I think having a basic stats module always handy would be very convenient.
I absolutely agree. My only point was that these tools are sometimes misapplied, not at all to argue that they shouldn't be readily available. They should be.
It would be great if there was a natural progression (and/or compat shims) for porting from this new stdlib library to NumPy[Py] (and/or from LibreOffice). (e.g. "Is it called 'cummean'")?
From stats import mean
...
from numpy import meanBut yeah HN should just use browser equivalence.
Following what the spec says for eqivilance makes sense, at least. Anything drastic is technically treating distinct URLs as equivilant.
Frankly, building numpy is not very complicated (scipy is a bit complicated, and only if you are not on linux).
If you're happy with the system-wide Python, try apt-get install python-numpy next time.
Think of it as the C library of numerical computing.
Generally, numpy and scipy have much better docstrings than python stdlib itself.
In all honesty, I seldom use NumPy and rarely use SciPy, so I can't judge that deeply. I know that when I read their respective code bases I get a bit bewildered by the many "import *" and other oddities. It doesn't feel right to me. I know the reason for most of the choices - to reduce API hierarchy and simplify usability for their expected end-users - but their expectations don't match mine.

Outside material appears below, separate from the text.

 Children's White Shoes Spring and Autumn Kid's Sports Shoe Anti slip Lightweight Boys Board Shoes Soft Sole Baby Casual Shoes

So I looked at more of the documentation. I started with scipy/integrate/quadpack.py. The docstring for quad() says, in essence, "this docstring isn't long enough, so call quad_explain() to get more documentation." I've never seen that technique used before. The Python documentation says "see this URL" for those cases.
Again, this is a difference in expectations. I argue that NumPy and Python have different end-users in mind. Which is entirely reasonable - they do! But it means that it's very difficult to simply say "add numpy to part of the standard library."

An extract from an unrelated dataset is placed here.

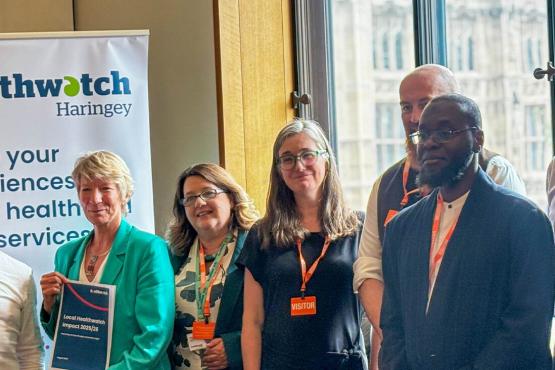Local Healthwatch and MPs at Portcullis House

There's also a level of normalization that I would want should numpy be part of the standard library. For example, do out of range input raise ValueError or RuntimeError? scipy/ndimage/filters.py does both, and I don't understand the distinction between one or the other.
Now, in the larger sense, I know the history. RuntimeError was more common in Python, and used as a catch-all exception type. Its existence in numpy reflects its long heritage. It's hard to change that exception type because programs might depend on it.
But it means that integrating all of numpy into the standard library is not going to work: either it breaks existing numpy-based programs, or the merge inherits a large number of oddities that most Python programmers will not be comfortable with.
I don't see numpy being integrated in python anytime soon. I don't think it would bring much, and one would have to drop performance enhancement that rely on blas/lapack.
I think installing has improved a lot, and once pip + wheel matures, it should be easy to pip install numpy on windows.
For examples, from http://mail.scipy.org/pipermail/numpy-discussion/2008-July/0... :
Robert Kern: Your use case isn't so typical and so suffers on the import time end of the balance
Stéfan van der Walt: I.e. most people don't start up NumPy all the time -- they import NumPy, and then do some calculations, which typically take longer than the import time. ... You need fast startup time, but most of our users need quick access to whichever functions they want (and often use from an interactive terminal).
I went back to the topic last year. Currently 25% of the import time is spent building some functions which are then exec'ed. At every single import. I contributed a patch, which has been hanging around for a year. I came back to it last week. I'll be working on an updated patch.
There's also about 7% of the startup time because numpy.testing imports unittest in order to get TestCase, so people can refer to numpy.testing.TestCase. Even though numpy does nothing to TestCase and some of numpy's own unit tests use unittest.TestCase instead. sigh. And there's nothing to be done to improve that case.
Regarding the age - yes, you're right. BTW, parts of PIL started in 1995, making it the oldest widely used package, I think. Do you know of anything older?